Ok well After posting up late in the free tweeters thread I had a chance to give these a whirl.....or should I say will have a chance. I recieved them tofday and thought I would take a look at the packaging and in hand impressions. This review will get more into the sound and advatages over other tweeters as I get them installed. 

First impressions(LOOKS)

TBI has packaging down to a science. I would even ship them through UPS/FedEX at the same time with no fear of them being damaged....yup that good. The tweeters in hand feel about as weighted as the SEAS tweeters that are getting such a great review cost/performance wise. However one thing that i personally do not like is TBI choice for appearance. I can live with the Grey casing that the tweeter is held in, but in my honest opinion having the words "TBI" & "HDSS" silk screened on the tweeter themselves presents a cheap tweeter. If packaging did not matter then most great brands that sell like hotcakes when it comes to electronis would come in plain card board boxes and the TVs/Radios etc would all look cheap. This is something you would find on most $25 tweeter sets found all over ebay. 

More to come..................


----------



## mvw2 (Oct 2, 2005)

It'll be interesting to see you compare them towards the HDS tweeters you're currently running.


----------



## Hillbilly SQ (Jan 26, 2007)

Carl give me a call when you're ready.


----------



## mvw2 (Oct 2, 2005)

Hey wait...you're from Roch? Man I should just stop by this weekend or something, lol. I'd like to give a listen to the ID oem mids a lot of folks swoon over.


----------



## unpredictableacts (Aug 16, 2006)

mvw2 said:


> Hey wait...you're from Roch? Man I should just stop by this weekend or something, lol. I'd like to give a listen to the ID oem mids a lot of folks swoon over.


Sorry I missed this. Hillbilly actually has the tweeters at the moment. As far as our location we are in Arkansas so it may be a bit of a drive to meet up.


----------



## Hillbilly SQ (Jan 26, 2007)

mvw2 said:


> Hey wait...you're from Roch? Man I should just stop by this weekend or something, lol. I'd like to give a listen to the ID oem mids a lot of folks swoon over.
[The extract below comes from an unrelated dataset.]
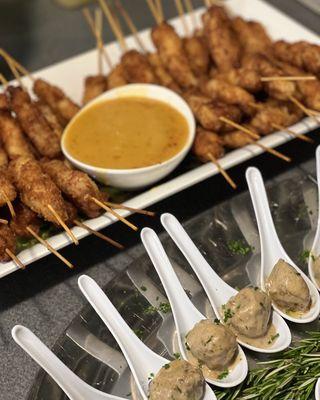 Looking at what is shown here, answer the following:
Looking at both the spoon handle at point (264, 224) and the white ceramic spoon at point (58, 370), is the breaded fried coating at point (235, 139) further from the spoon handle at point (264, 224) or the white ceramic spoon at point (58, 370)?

I bet carl would be willing to work out a deal with one of his 2 pairs even if it was just to get a review from you. And to be honest the boner died for me. They're good for $90 shipped but really are overhyped these days. They do sound ragged and muddy about half the time even though I still prefer them over most of the paper driver I've used. They've VERY capable midbass drivers though.


----------